Toplantıda Sayın Prof. DR. BüYüKERŞEN, Kırsal Kalkınma Projeleri, kapsamında ipekböcekçiliğini tekrar canlandırmak amacıyla, 70 bin dut fidanının, 600 çiftçiye verildiğini, Ayrıca dağıtılan 250 bin domates fidesiyle, çiftçilerin, 6 milyon lira kazanç elde ettiğini ve Mihalgazi’de, 540 çiftçiye 2.5 milyondan fazla marul fidesi dağıtıldığını söyledi.
Ayrıca Eskişehir Anakent Belediyesi, Mihalıççık’ta başlanan proje ile ilçeye Meyve ve Sebze Kurutma Tesisi inşa edilecek. Burada kurutulacak ürünlerin, satışı için, Eskişehir’de üretici marketi de kurulacak.
Mihalıççık’ta, yapımına başlanan, Sebze ve Meyve Kurutma Tesisinde, kurutulan ürünlerin ve çiftçilerin, kendi ürünlerinin satılabileceği, Eskişehir üretici Pazarı, aracılar ve komisyoncular olmadan ürünlerinin gelirlerini, üreticinin kendi cebine girmesi sağlayacak
Anakent Belediyesi.
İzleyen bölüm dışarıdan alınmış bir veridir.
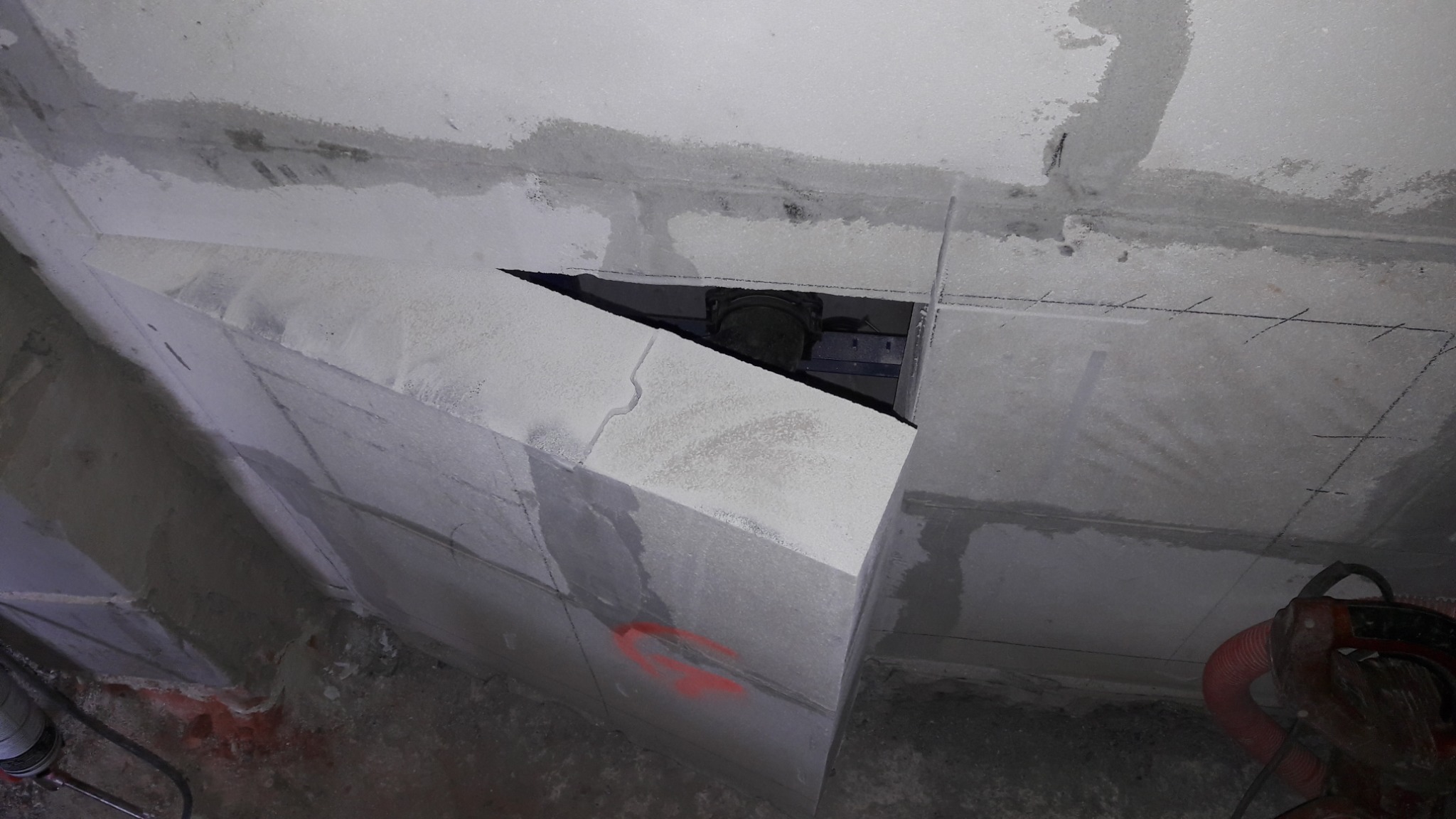 Szara, surowa konstrukcja z betonu komórkowego, widoczne zarysowane linie pomiarowe na suficie i ścianach, fragment otworu z widoczną instalacją wentylacyjną, czerwone oznaczenia na ścianie, w tle...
Mihalıççık’ta Meyve Sebze Kurutma Tesisi, Eskişehir’de Kuru Meyve Sebze Marketi, Mihalıççık’ta 60 dekarlık alanda Dut ve Kiraz Bahçesi, İnönü ilçesinde, 20 dekarlık mesire alanı olarak da kullanılabilecek Ekşi Karadut ve İpek Böceği Kurutma Tesisi hayata geçirecek Ayrıca Manda yetiştiriciliğinin canlandırılması için de Bozan Tarımsal Kalkınma Kooperatifi'yle, protokol imzalandı.
Sayın Prof. Dr. BüYüKERŞEN’ in, ülkemizde, artan yem fiyatlarını rağmen, Sivrihisar, Mahmudiye, Günyüzü bölgelerinde, büyükbaş hayvan yetiştirip, süt satarak geçimini sağlamaya çalışan vatandaşlarımıza, Belediye, imkânları dâhilinde, bu bölgelerde yaşayan vatandaşları rahatlatacak, çok önemli projeleri de var.
Sayın Prof. Dr. BüYüKEŞEN’ in, kırsal kesim, özellikle de yerli tohumla ilgili projeleri, ilgili her yöneticiye, kuruma, örnek olmalıdır, çünkü Yerli tohumlar, binlerce yıldır değişen koşullara uyum sağlayarak, günümüze ulaşmayı başarmış örnekler olduğundan, insan yaşamın sürdürülebilirliği için de birer genetik hazinedir.